According to Halcro’s original reporting, Wooten admitted to one of the charges; two years previously, he had shot a moose without a state moose-hunting permit:
In 2003, Wooten, his wife and a friend were moose hunting. Upon spotting a moose, Wooten instructed his wife to shoot the moose since she had the permit, she refused so Wooten did.
After carting the moose back to town, Sarah’s father actually butchered it in his garage, and Wooten shared the meat with both Sarah and Todd Palin as well as her parents.
(Palin-booster Bill Kristol’s Weekly Standard blog reveals that Sarah Palin "says her favorite meal is moose stew or mooseburgers.") (3)
Two years later, "during the divorce battle, the family filed a complaint alleging that Wooten had taken that moose illegally.
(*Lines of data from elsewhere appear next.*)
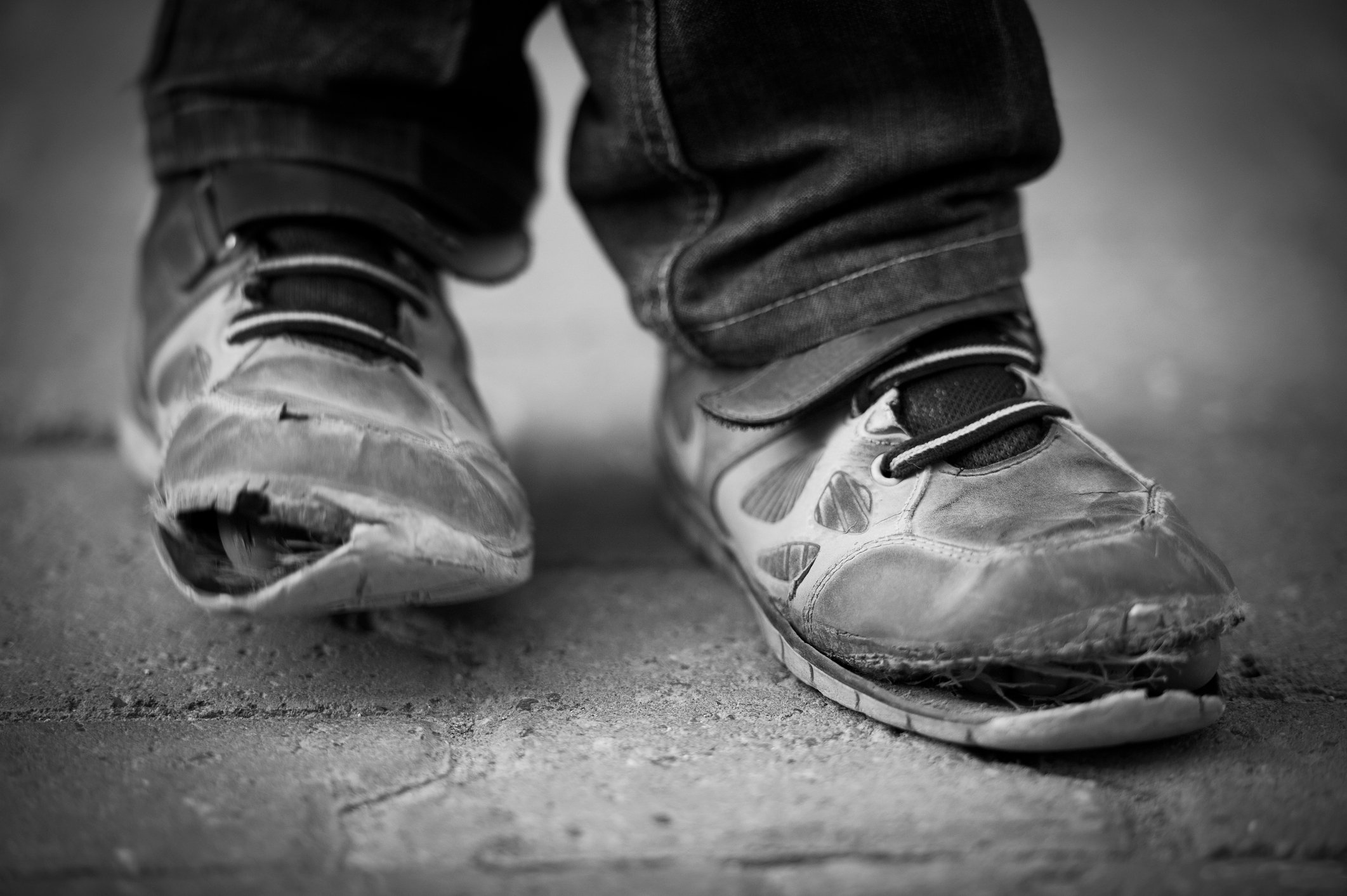 A black and white photo of a child's worn down shoes.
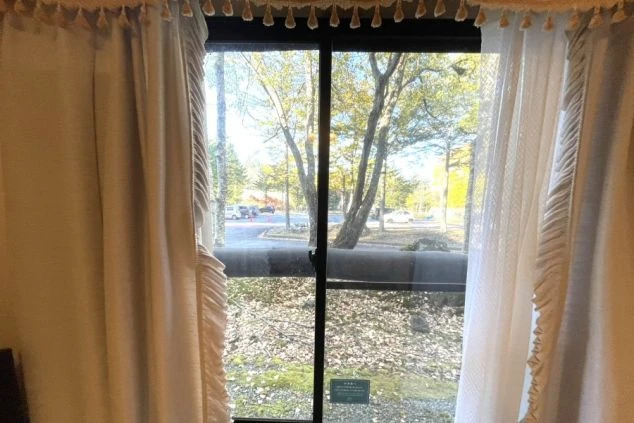 客室の窓からの眺め。白いレースのカーテン越しに、駐車場と秋の色づき始めた木々が見える。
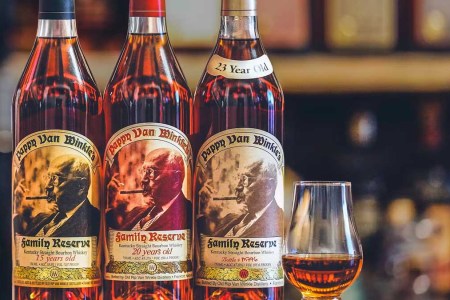 Three bottles of Pappy Van Winkle and a Glencairn glass. Huckberry is giving away three Pappy bottles.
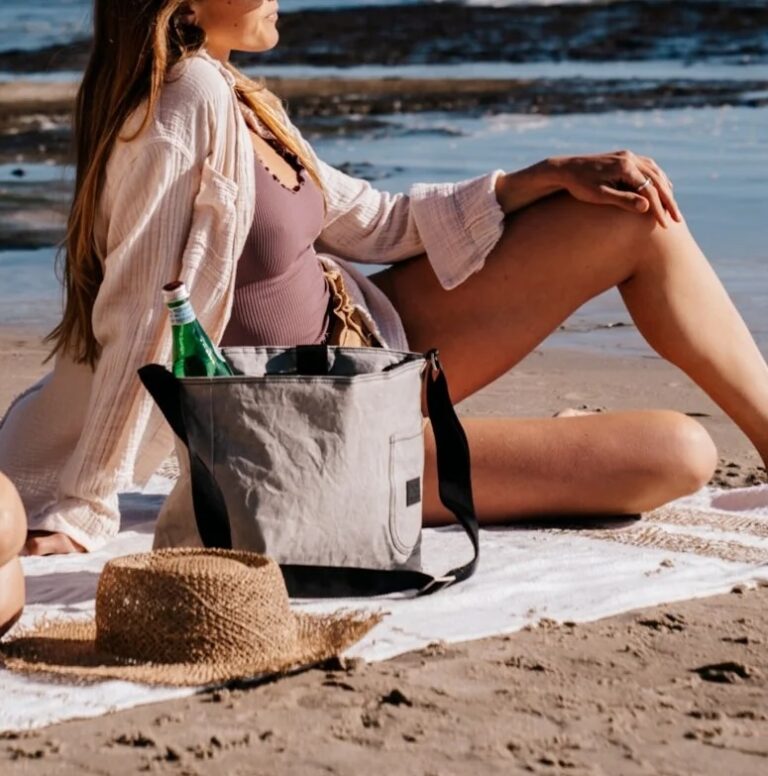 a person sits on a blanket on the beach next to a gray cooler
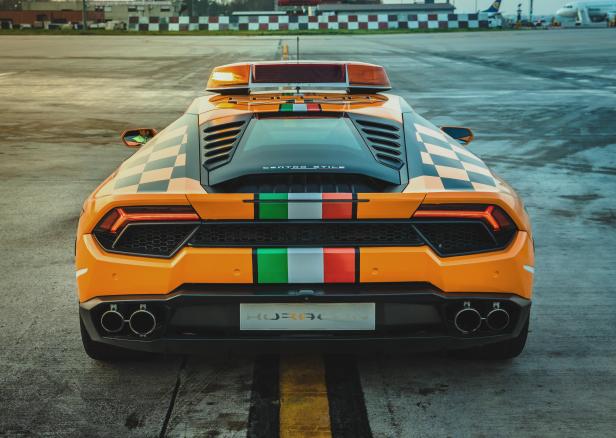 Ein orangefarbener Lamborghini Huracán mit Schachbrettmuster und italienischen Flaggenstreifen auf einem Flugfeld.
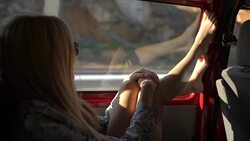 A young redhead woman enjoys traveling by car throws her legs on the window. Stock Footage
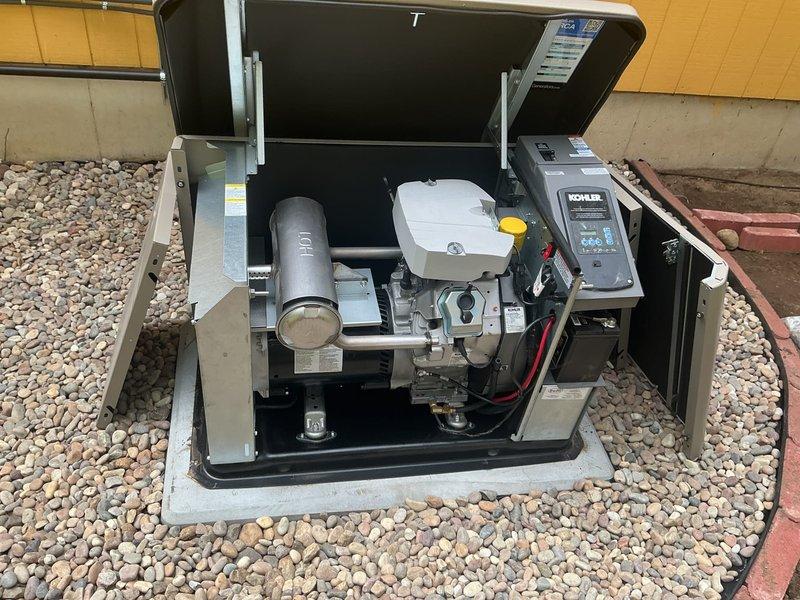 Responded to warranty callback for oil leak on recently installed Kohler 20RCA standby generator. Upon arrival, inspected generator unit with top access panel open and examined internal components including engine block, muffler assembly, coolant reservoir, and battery connections. Conducted thorough diagnostic inspection of all fluid systems, checking oil levels, connections, and potential leak points throughout the engine compartment and undercarriage mounting area. Verified proper installation of all mechanical components, fuel lines, and electrical connections. Documented generator condition with photographs showing internal components and underside mounting assembly. Unit operational at time of inspection, no active leaking observed during callback visit.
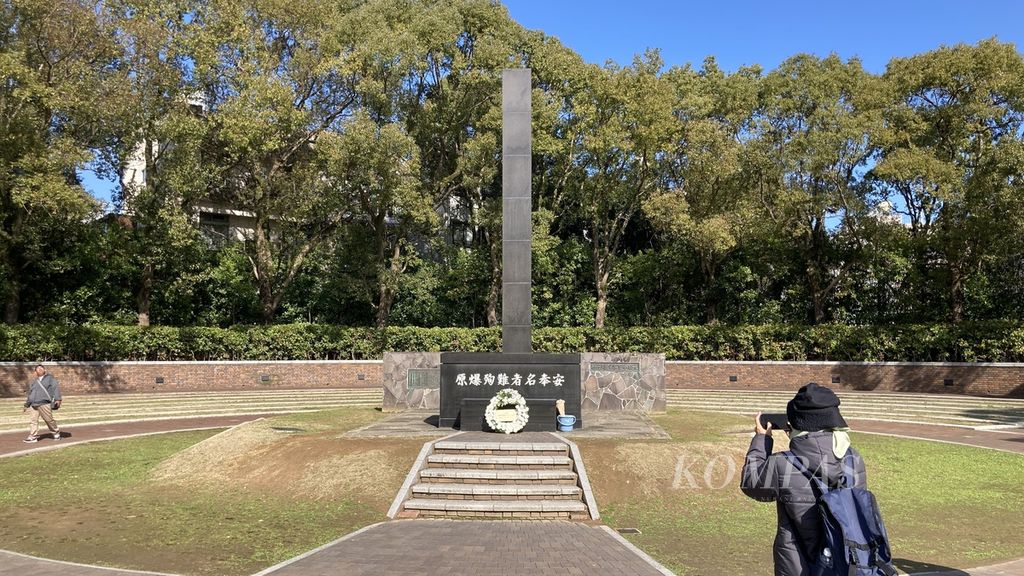Seorang wisatawan memotret tugu yang menjadi hiposentrum atau titik nol ledakan bom Nagasaki, Jumat (26/1/2024), di Taman Perdamaian Nagasaki, Nagasaki, Jepang. Bom atom meledak di Nagasaki pada 9 Agustus 1945. Bom yang dijatuhkan Amerika Serikat itu menyebabkan 73.884 korban tewas dan 74.909 orang terluka.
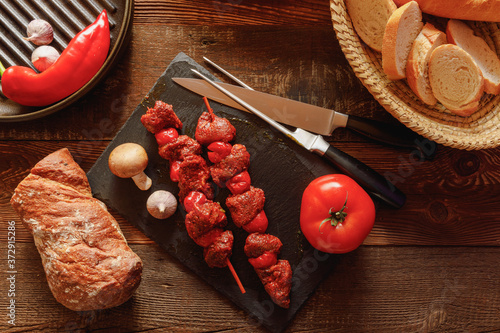 bbq skewer of beef and tomato on slate plate with garlic and mushroom bread in basket chilli pepper and cast-iron grill pan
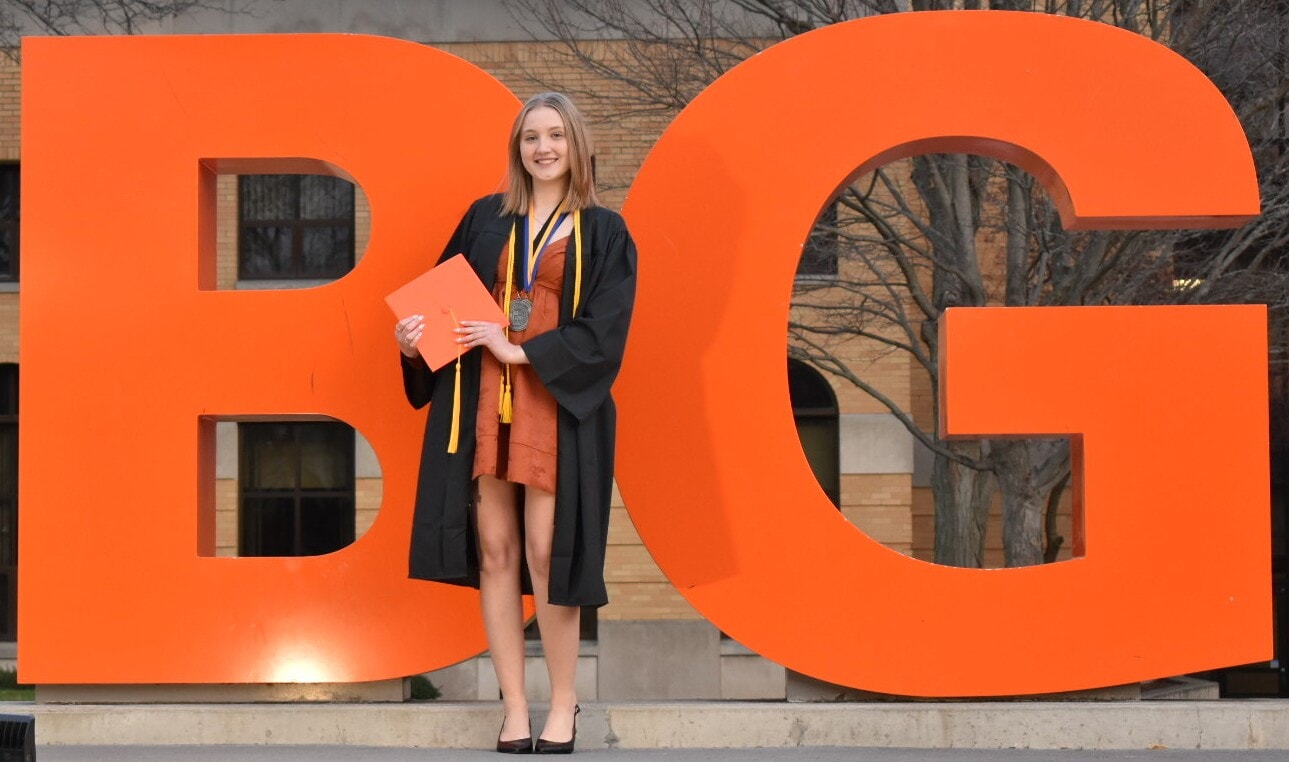 Emma Crawn in graduation gown in front of BG letters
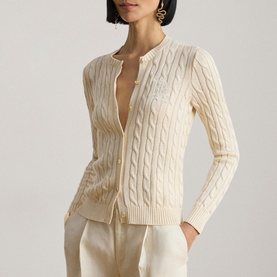Model wearing Lauren Mascarpone Cream cable-knit cardigan with button front, styled with cream wide-leg trousers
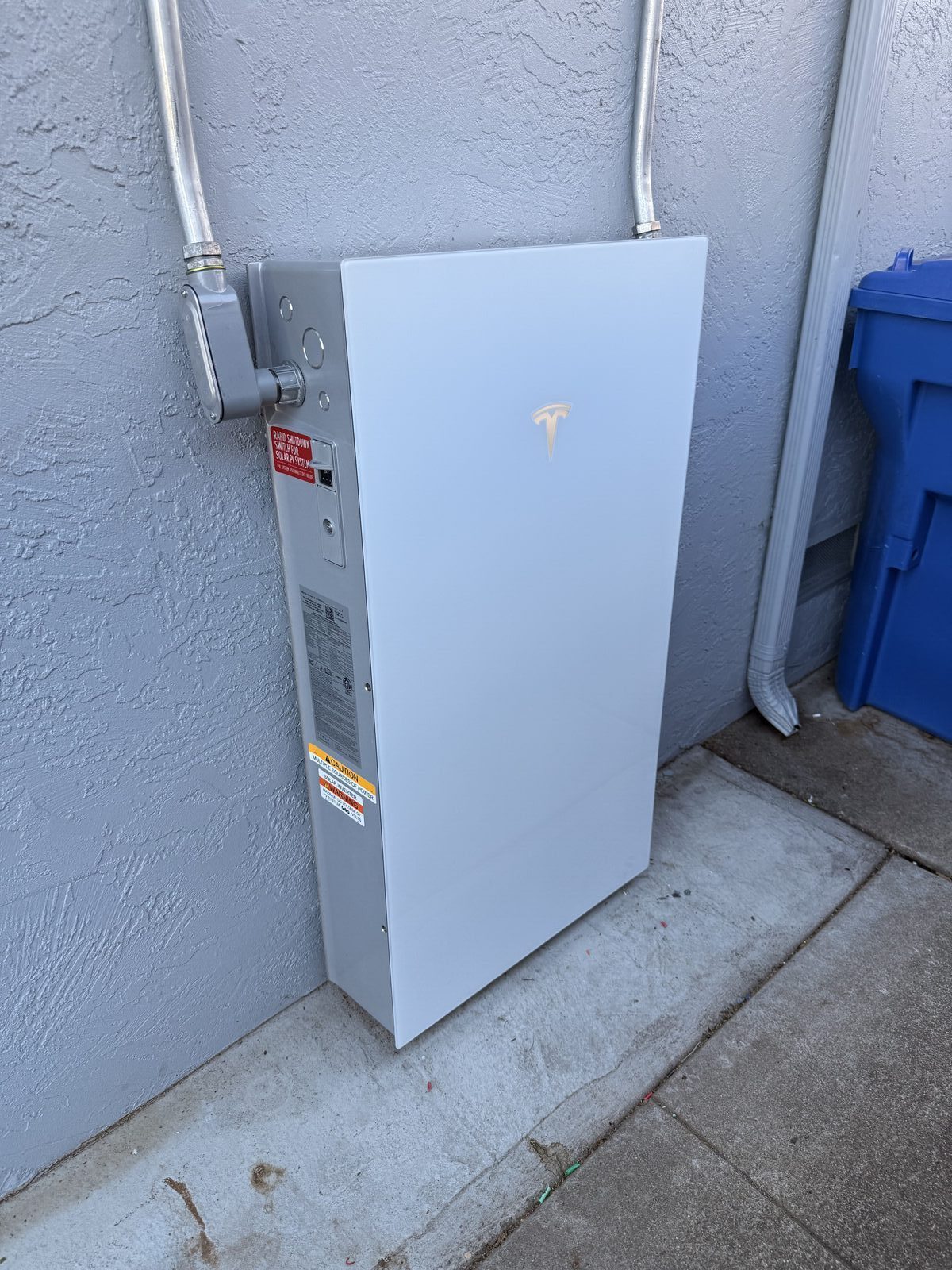 Tesla Powerwall 3 side angle showing conduit runs and rapid shutdown switch — Cyber Electric LLC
At least they waited until they finished the meat to file the complaint against Wooten."
Other sources have since reported that three other charges against Wooten were upheld:
- He drank beer in his patrol car on one occasion.
- He told others his father-in-law would "eat a f’ing lead bullet" if he helped his daughter get an attorney for the divorce. (4)
- Mike Wooten, who is also certified as a Taser instructor, dry-fired a Taser at his stepson at the lowest possible setting at the kid’s request. (5)
Wooten was reprimanded and suspended for 10 days without pay (which was reduced to five after his union filed a grievance).
Meanwhile in court, Wooten prevailed at every turn as Judge Suddock quickly realized there was a concerted effort to damage Wooten. Finally the judge warned that if any of their actions caused Wooten to lose his job or pay in anyway, Molly and her family would be held liable.
In another article, Halcro notes that "In Wooten’s eight year career, the only complaints that have been filed against him came from people associated with Governor Palin during a divorce and child custody fight in which they were trying to get him fired so he wouldn’t be able to get custody of his children." (6)
Palin was elected Governor of Alaska in November 2006. In December, she appointed Walt Monegan, former Anchorage chief of police, as Alaska’s new Commissioner of Public Safety.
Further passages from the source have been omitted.